Ohio Motor Vehicle Accident Laws and Safety Requirements

A thousand drivers a year die on Ohio roads, and several thousand are injured. Ohio, like other states, offers compensatory and sometimes punitive damages when someone is injured or killed in a road accident that was someone else’s fault. The basic features of this legal regime appear below.

Statute of Limitations: In Ohio, you have two years from the date of an accident to file a personal injury lawsuit. Although you have four years to sue for property damage, you need to meet the two-year deadline in order to litigate both types of claims in the same lawsuit. A plaintiff has two years from the date of a fatal accident to file a wrongful death lawsuit.

When the Victim is Partly at Fault: If the incident that caused your injury was partly your fault, an Ohio court will assign you a percentage of fault based on the evidence presented. If you were mostly at fault for the accident (51 percent or more), your claim will be dismissed. If you were anywhere up to 50 percent at fault, the court will simply deduct that exact percentage from your damages award.

Fault/No Fault Rule: Ohio is a “fault” auto insurance state, meaning that you may pursue a claim against the other driver’s liability insurance policy if you believe he was at fault for the accident.

Minimum Insurance Coverage: Ohio drivers must purchase liability insurance coverage with limits of at least $12,500 per injured victim, $25,000 per injury accident and $7,500 for property damage.

Uninsured/Underinsured Motorist Coverage: Ohio drivers are not required to purchase uninsured/underinsured motorist coverage.

Types of Damages Available: Although compensatory damages are available, non-economic damages such as pain and suffering may not exceed the greater of $250,000 or three times economic damages, with a ceiling of $350,000 per plaintiff and $500,000 per accident. Although there is no cap on punitive damages, the amount cannot be “arbitrary”.

Product Liability for Defective Vehicles: Strict product liability is available and punitive damages are possible.  

Suing the Government over Defective Roadways (Sovereign Immunity): State and local governments can be sued for personal injury or wrongful death, although limitations apply to the amount of damages.

Motorcycle Helmet Laws: All riders under 18 must wear helmets.

Seat Belt Laws: Occupants aged 8 to 14 must wear seatbelts at all times, and occupants 15 or older must wear seat belts while sitting in the front seat. The maximum first-offense fine is $30 for drivers and $20 for passengers. Ohio’s seat belt law is a secondary offense – you cannot be cited for failure to wear a seat belt unless the officer first stops you for a separate infraction.

Dram Shop Law: Ohio’s dram shop law allows third parties to sue licensed alcohol vendors for serving alcohol to underage or obviously intoxicated patrons, if the patron later injures the third party due to his resulting intoxication.
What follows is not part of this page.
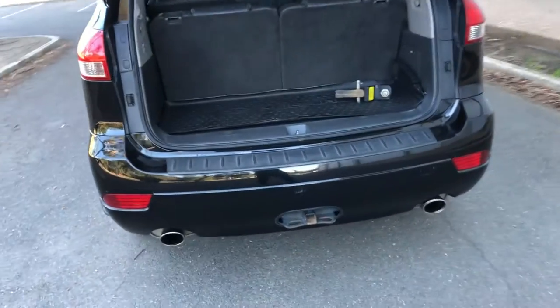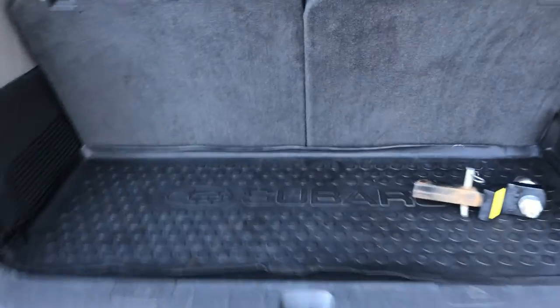As you can see, this boot space is quite large with the two back seats up. If we put them down, it's even bigger.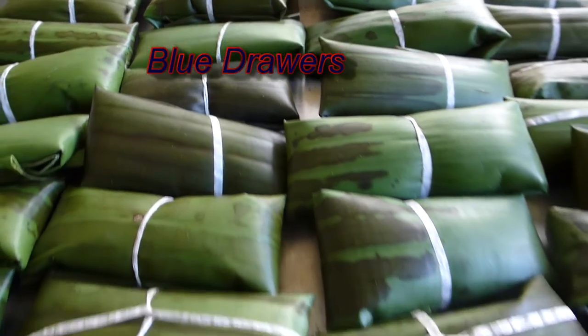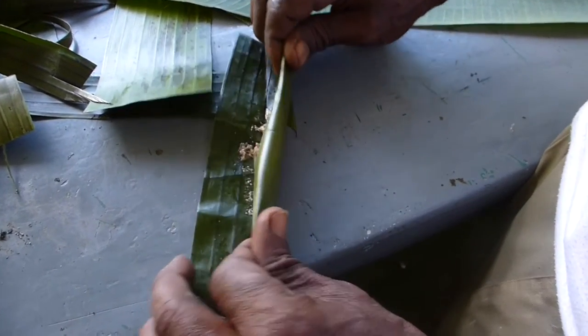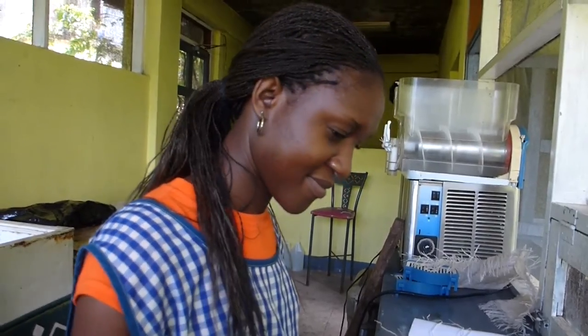Blue jars is an old-fashioned food that's wrapped in banana leaf. You can use sweet potato, cornmeal, yam, or tomato. It's an old-fashioned type of food.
Social hosts face the same liability for serving underage guests, and limited liability for serving obviously intoxicated guests.

DUI/DWI Penalties (first offense): A first-offense DUI (known as OVI in Ohio) can result in jail time of three days to six months, a fine of $250 to $1,000, and a driver’s license suspension of six months to three years.

Distracted Driving (texting while driving, etc.): Although texting while driving is banned, it is a secondary offense – the officer cannot cite you unless he stops you for another infraction. Drivers under 18 may not use cell phones even if they are not hand-held.